* _DATA PROVIDED_:

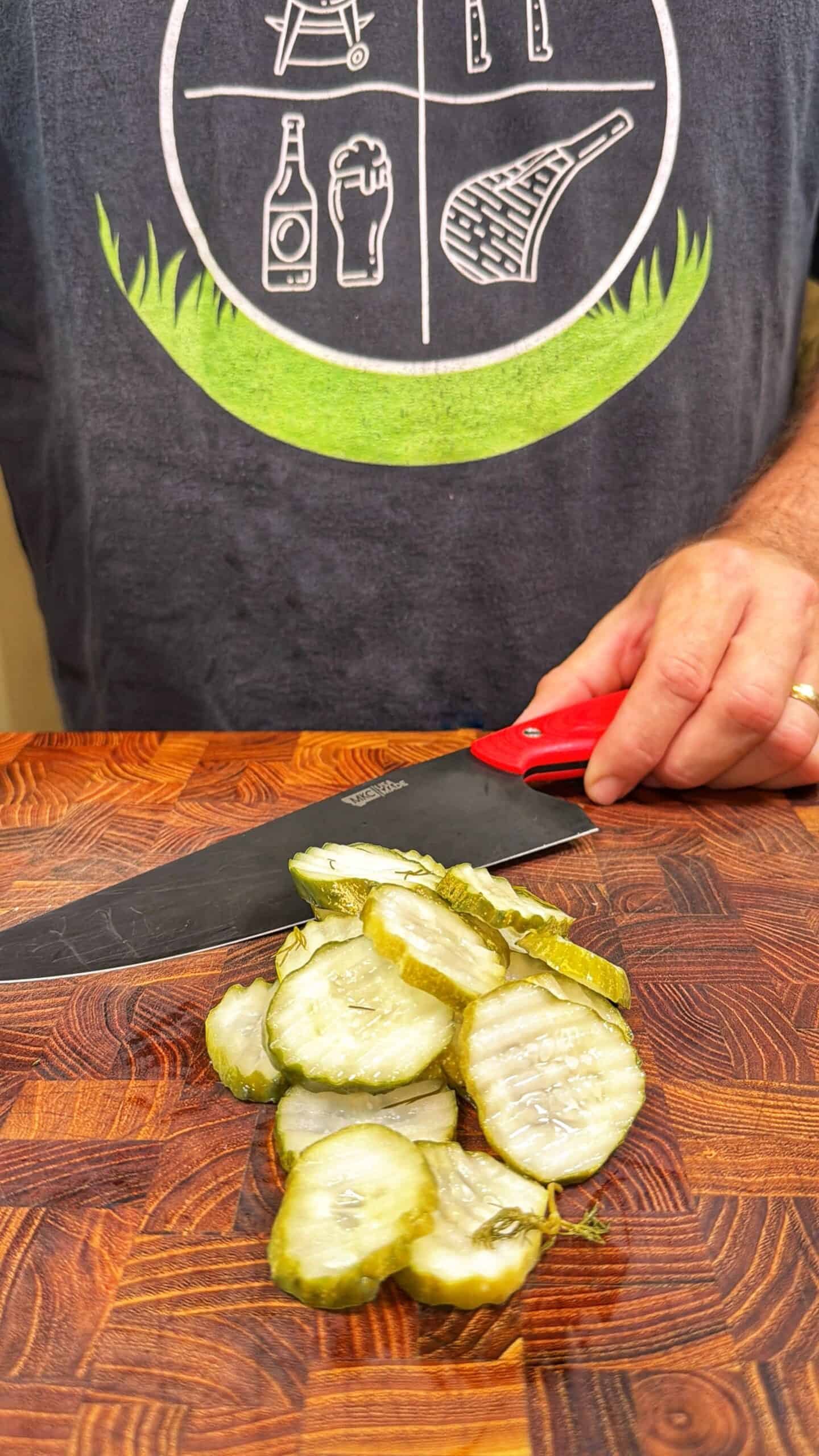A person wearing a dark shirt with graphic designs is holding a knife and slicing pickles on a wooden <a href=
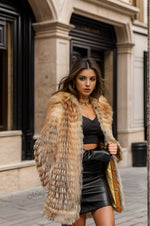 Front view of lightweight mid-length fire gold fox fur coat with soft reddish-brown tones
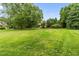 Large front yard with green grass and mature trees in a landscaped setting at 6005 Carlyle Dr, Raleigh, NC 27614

* _YOUR ASSIGNMENT_: Return the lines exactly, from the one containing "Front view of" through the last line above, including both ends and excluding every picture.

* _EXERCISE SOLUTION_:
 Front view of lightweight mid-length fire gold fox fur coat with soft reddish-brown tones
 Large front yard with green grass and mature trees in a landscaped setting at 6005 Carlyle Dr, Raleigh, NC 27614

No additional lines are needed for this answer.